At Bullring,silence before the charge: Little hype in Jo’burg leading up to start of India’s tour

There is hardly a sign in drowsy Johannesburg of the imminent high-profile clash.

Written by Bharat Sundaresan | Johannesburg | Published: December 2, 2013 2:52:32 am

The Bullring seems rather sedate on Sunday. The colossal stands with multiple tiers that rest intimidatingly over each other give the Wanderers its distinctive moniker. The cauldron setting is known to have overawed many a first-time visitor. But today,the Wanderers itself looks to be in siesta mood,and far from intimidating.

The stubborn summer sun that lords over the oval patch of green located along Corlette Drive shimmers off the empty glass panes of the corporate boxes. And so too off the advertising hoardings that carry names,which have been representative of South African cricket for close to two decades. But admittedly you do feel like a drop in the ocean as you gaze at the vast emptiness around you,at the white,blue and green seats and the sloping grass-banks.

Edward Nets,though,hardly seems to care as he goes about his business unbeknownst near the centre square. He rides his mower up and down the practice wicket,getting off his perch intermittingly,to collect the trimmed grass and deposit it on the sidelines. Sunday is an off-day for most of the Wanderers ground-staff,including their captain Chris Scott. But not for the veteran of 40 years who’s manned the pitches and the outfield here since 1974.

The match wicket lays unguarded. It’s mantis green in colour. As you edge closer to it,Nets lets out a throaty snigger. You turn around to see him sporting a wicked smile — his gums showing more than what’s left of a crooked set of teeth.

“The ball will rrrrise till herrrre,” he exclaims,with finger pointing at his head. “How will you guys do without your Tendulkarrrr?” before letting out a shrill whistle to catch the attention of one of his two colleagues working the off-day.

Nets holds his breath on whether the mantis green shall undergo a change of shade in four days’ time when Mahendra Singh Dhoni & Co commence their shortened South African sojourn here in the ODI series opener. Or when they return here later in December for the first of two Tests,a battle royale pitting the best two sides in the world — though the two boards might have impeded on the intensity.

But there is hardly a sign in drowsy Johannesburg of the imminent high-profile clash. And it’s not until you cross the swanky Melrose Arch and Illovo Boulevard and go further up Corlette Drive that you spot the first signs of Team India’s impending arrival. Even Nets is surprised by the calm,though he does predict a storm when Dale Steyn is in full flight.

Little hype

Nothing over the top. Just a bunch of medium-sized hoardings along the side of the road—less than 500 meters from the Stadium—announcing the dates of the ODI and the Test scheduled for Johannesburg. They are though sandwiched between louder and brighter signboards promoting a brand-new crèche in the area.

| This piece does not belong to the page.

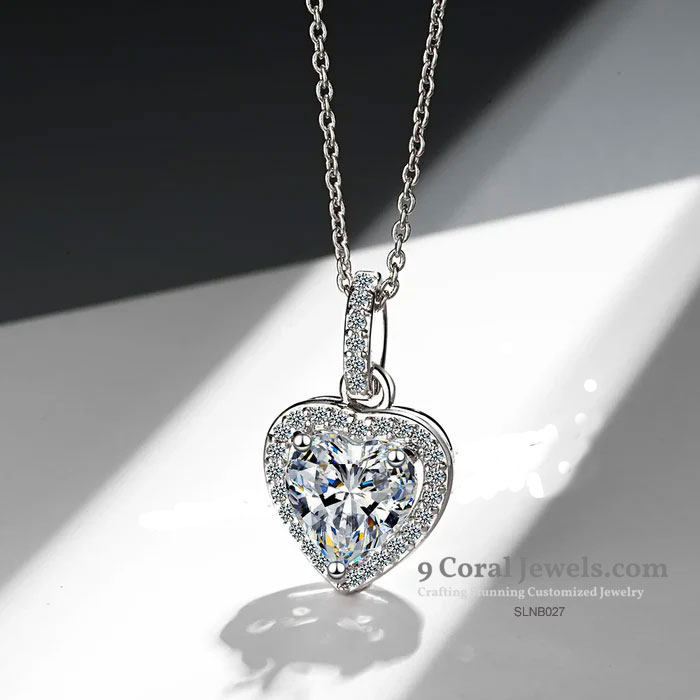 Heart-Shaped CZ Diamond Pendant Necklace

Hype or no hype,the next month will be a crucial chapter for Dhoni’s men. One during which they will have to dispel myths of being bullies at home and patsies on the road. The cricketing world has watched on slightly enviously as the likes of Rohit Sharma,Shikhar Dhawan,Virat Kohli and Dhoni himself have taken ODI batting to new heights. But whether they can repeat those heroics in the bouncy terrains of South Africa will be their real test.

Then comes the real challenge. The start of the post-Tendulkar era. A chance for India to right the wrongs of the last 24 months,where their overseas Test record reads 0-8. They will have to do it without their long-serving guardian in whites. Tendulkar nostalgia is still fresh in South Africa. While most are keen to know more about the emotional scenes at the Wankhede Stadium last month,the national sports channel here plays re-runs of Tendulkar’s final moments as a cricketer,including his speech.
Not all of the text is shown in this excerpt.